When it comes to the GOP establishment they all have each other’s backs. Despite the possibility that their snubbing of their own presumptive nominee will put Hillary Clinton into the White House they can always be counted on to unify to save their own power. Such is the case with former president George W. Bush who despite the rejection of his allegedly smarter younger brother Jeb! by the voters has found a reason to insert himself into the political process – defending worthless, lifelong leeches on the backs of the American taxpayer like Arizona senator John McCain, an octogenarian who is running for his sixth freaking term in the Senate and will likely only leave the Senate when they haul his cold, dead carcass out of the building.

The New York Times reports “An Unlikely Savior Emerges to Help Endangered Republicans: George W. Bush”:

After eight years of largely abstaining from politics, former President George W. Bush is throwing himself into an effort to save his party’s most vulnerable senators, including several whose re-election campaigns have been made more difficult by Donald J. Trump’s presence at the top of the ticket.

In the weeks since Mr. Trump emerged as the party’s presumptive presidential nominee, Mr. Bush has headlined fund-raisers for two Republican senators and has made plans to help three more. Among them are Senators John McCain of Arizona, who was one of Mr. Trump’s earliest targets of derision, and Kelly Ayotte of New Hampshire, who has struggled to respond to Mr. Trump’s inflammatory talk.

Friends say that the former president is deeply bothered by Mr. Trump’s campaign message, especially his derogatory remarks about Muslims and immigrants. At the event with Mr. McCain, Mr. Bush stressed the importance of preserving the Republican-held Senate as a “check and balance” on the White House, suggesting that such a check was needed, whether the next president is Mr. Trump or Hillary Clinton, the presumptive Democratic nominee.

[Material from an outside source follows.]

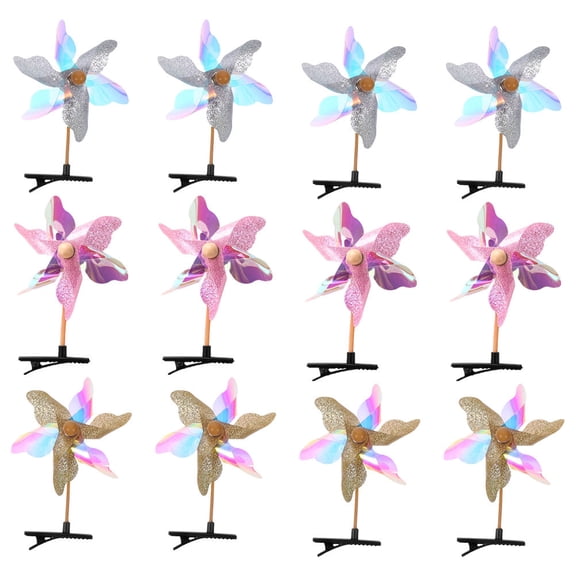 Tineasur 12Pcs Hair Clip Barrettes for Women Hair Styling Windmill Shape Clips Assorted Color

Mr. Bush announced through a spokesman last month that he would not support Mr. Trump’s candidacy and would not attend the Republican convention in Cleveland next month. His father, former President George Bush, and his brother Jeb Bush, who was defeated and ridiculed by Mr. Trump in the primary campaign, are also staying away.

It has been a painful year for the Bushes, as Mr. Trump has not only upended the party that they dominated for decades but has done so by publicly repudiating the 43rd president’s legacy. Mr. Trump denounced the 2003 invasion of Iraq as a foreign policy disaster, blamed Mr. Bush for the Sept. 11, 2001, attacks, and painted his presidency as a failure. Yet Mr. Trump suffered little backlash from voters in the Republican primaries as a result.

Granted that Mr. Bush would prefer campaigning on behalf of John Ellis Bush instead of the cadaver McCain and the whiner Ayotte but Americans have had enough of dynastic politics. Trump has risen largely due to the increasing awareness in the electorate that the system is rigged and rotten largely due to career politicians who act as de facto lobbyists and whose true constituents are special interest groups waving fistfuls of dollars.

If somehow Trump manages to survive the coordinated onslaught and efforts to rig the convention to cheat him out of the nomination it would be a damned good thing for his America First message to use the bully pulpit to push for term limiting the bastards.